Friday, December 29, 2006

everyone has yearender entries

Late 2005, someone i could've spent the rest of my life with cheated on me. after that incident, that someone dumped me. back then i felt ugly. i was very fat. and i looked old. i could've wallowed in self pity and ate an entire gonuts donuts store. i chose to go to the gym.

Around the same time last year, i weighed 210 pounds. now i'm down to 160 give and take a few pounds. i can say that i haven't reached my ideal weight. but losing 50 pounds is an achievement. and i am extremely happy with the results. i still look older than my age, though. it's in the eyes, i think.

i made a few close friends last year. and i am determined to keep them for good. they know who they are.

dated a few people too. dumped some. got dumped by some. the dating scene now is different than it was four years ago. i never realized that romantic possibilities are now easily disposed off. now, relationships, on the average last for a couple of months. people have become really shortsighted. hay.

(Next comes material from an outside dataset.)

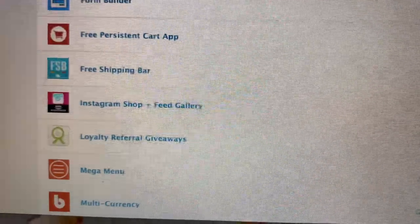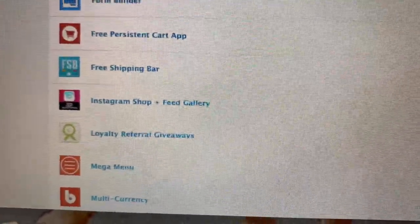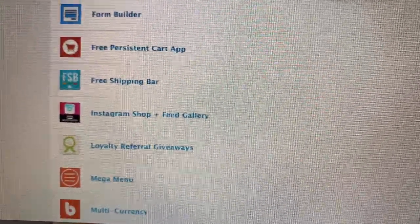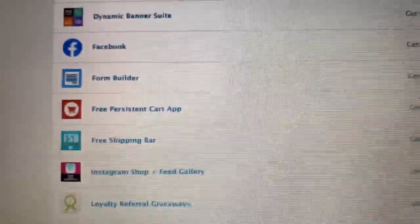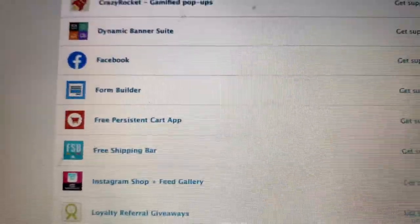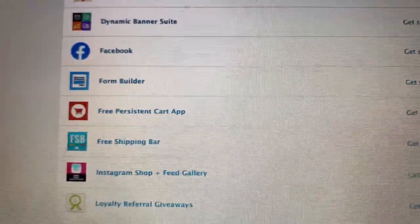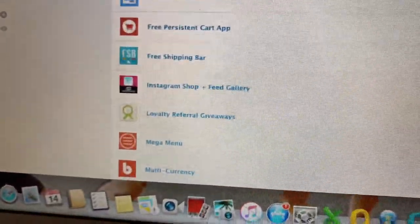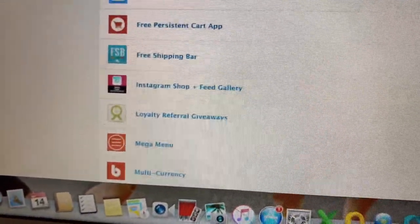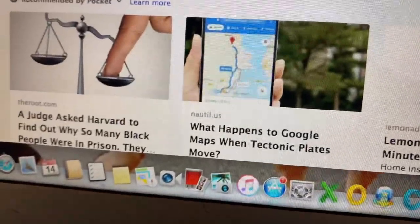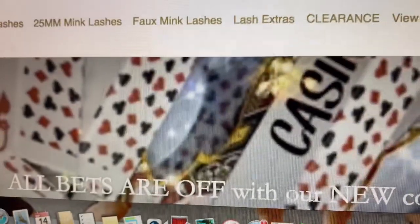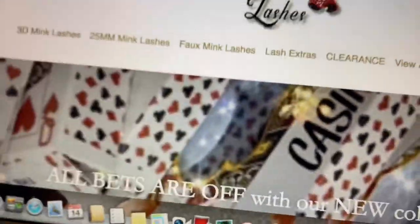Free Shipping Bar is another thing similar to Dynamic Banner Suite but it's only for shipping. I don't really use it because I didn't know Dynamic Banner Suite does all of that already. And then there's Mega Menu — let's head over to my site.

got a job writing press releases for a PR firm. i'm enjoying my new-found career so far.

i dated four people this year. i am still single. i must admit that up to now, i am terrified at the idea of taking the plunge again.

so far, i got 2 out of five things in my Christmas wish list. they gave me the more expensive ones. but i'm still hoping someone would give me a 'gangland' dvd.

i'm now officially 'friends' with my ex. so that means i am totally over the twat! yahoo!




and most importantly, this year i finally get to have myself back.